One of the things I feel so lucky about is that my mom never forgot about us. She couldn’t remember my name, but she knew she loved me and I was special to her.  She became more kind, gave us more hugs and kisses, and she really loved being around her family. She hated being alone or with someone she didn’t know.

The last few months were the hardest part. I always thought Alzheimer’s meant forgetting people, places and things; I never thought the body would forget what it needs, too. So my mom’s body started to forget basic needs like feeling hungry or full. She forgot the urge of going to the bathroom and being thirsty. That’s when the biggest problems showed up. She stopped eating and drinking and her body was growing  weaker and weaker. She passed away on April 18, 2020.

Mom was at home, surrounded by her beloved ones, warm in bed, with medications that helped her have no pain. She wasn’t alone; she couldn’t have been alone in a hospital or nursing home. It was hard, very hard, seeing my mom leave, but I am at peace. I did everything I could to make her feel loved, calm, even happy. She loved flowers and birds, so whenever she felt agitated, I put on bird sounds and she was calm. Music always helped, too. Singing with her and hearing my kids around the house made her happy. She wasn’t alone.

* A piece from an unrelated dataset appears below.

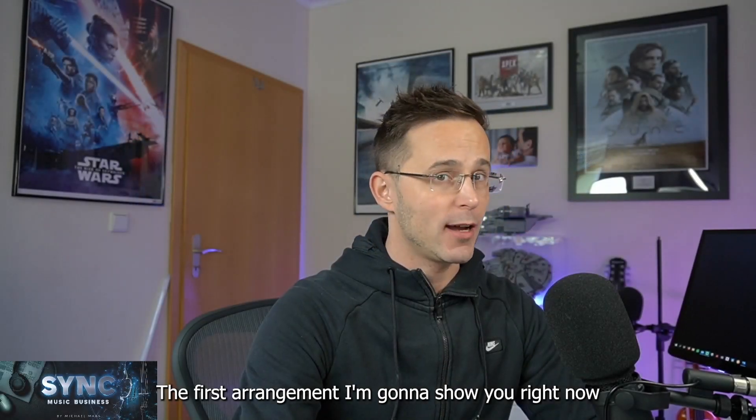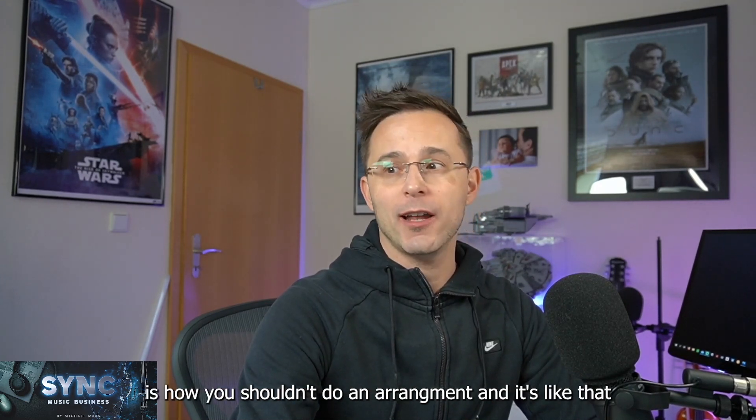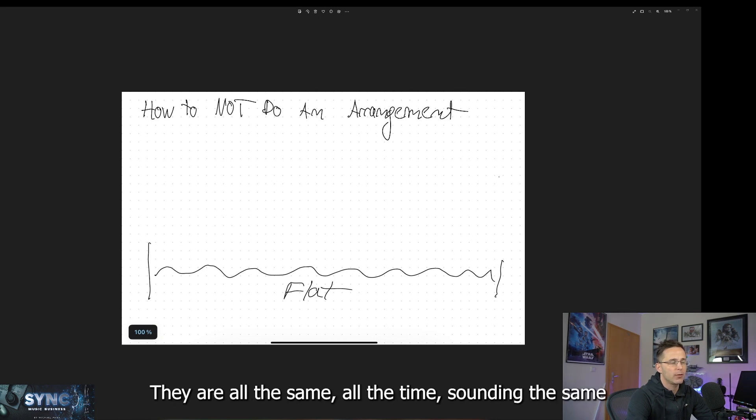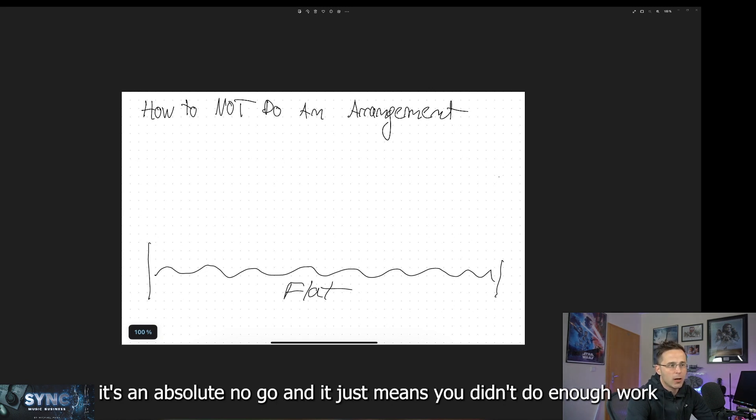The first arrangement I'm going to show you — and I'm sorry for my painting skills — is how you shouldn't do an arrangement. It's like that: an arrangement shouldn't be flat. They're all the same, always sounding the same instruments, the same melody, there's no change. It's sounding all the time the same. It's an absolutely no-go and it just means you didn't do enough work.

Her nickname was Chelito. I decided to walk for her, in her memory.  I just wish we could have more education about dementia. We need more information, so people don’t think older people with dementia are annoying, crazy, or trying to get on your toes just because they want to. We need to spread awareness that Alzheimer’s is a disease.

We need more awareness and resources so that families know what to expect when their loved one has dementia and can learn how to help their loved ones.

That’s why I am walking. It’s for you, Chelito!